In the short time I have used the TG167, I have had a few great jobs for it to be fully harnessed on, and I’m sure it’s the type of tool that you will find all sorts of uses for once you get to grips with it.

The first job I used it for was on a VW Golf R32 with a short circuit on the HVAC supply fuse. I quickly studied the wiring diagram, which showed the circuit was feeding various hard-to-reach components. In this instance, using the conventional method of isolating each circuit could have taken some time. I installed a light load across the fuse and followed the circuits using the camera and quickly found a heat source at the bottom of the condenser, which was hard to see, let alone reach. With the confidence to now start stripping panels to gain access, I soon discovered that the fault was a short to earth within the refrigerant pressure sensor.
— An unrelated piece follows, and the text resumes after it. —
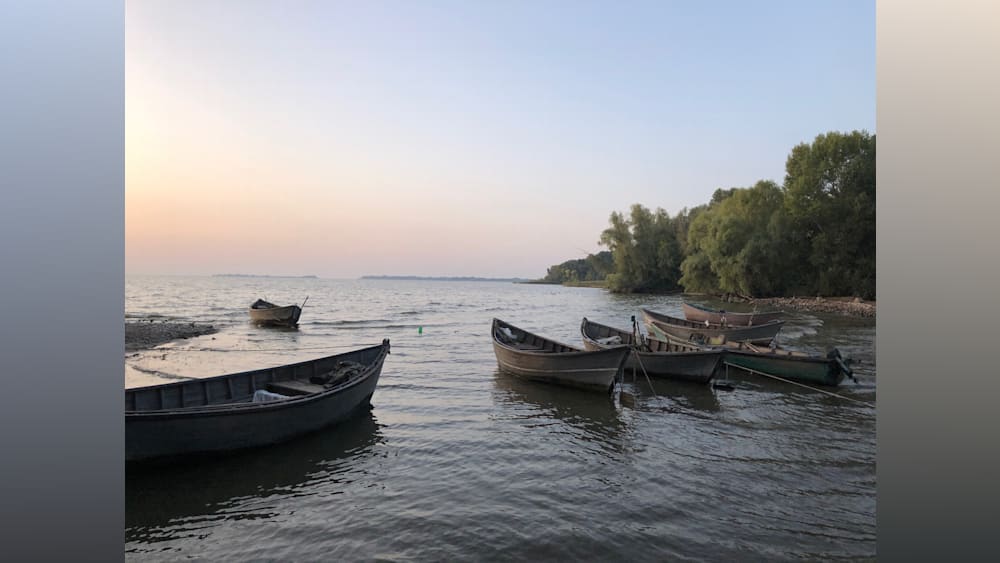 Several boats are in the water and the sun is setting.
The second job was more of a mechanical issue with an older BMW E36 heater system that was not performing too well. The customer had checked the cooling system and located a possible fault in the heater matrix, but the cost of replacement was close to being uneconomical when compared to the value of the car. We filled the matrix with hot water from a boiling kettle and scanned the matrix to confirm poor circulation – bingo! We then flushed the matrix with a chemical cleaner several times and re-checked it to confirm flow was significantly better. After refitting, the customer was happy heat was restored and the cost was a fraction of replacement.

I can see several uses from confirming heating elements (HRW, seats etc.) to detecting mechanical issue like misfires and even sourcing electrical short circuits and with the cost of these devices now within reach of even the garage technician, let alone the garage owner, I think it is soon going to become a must-have tool.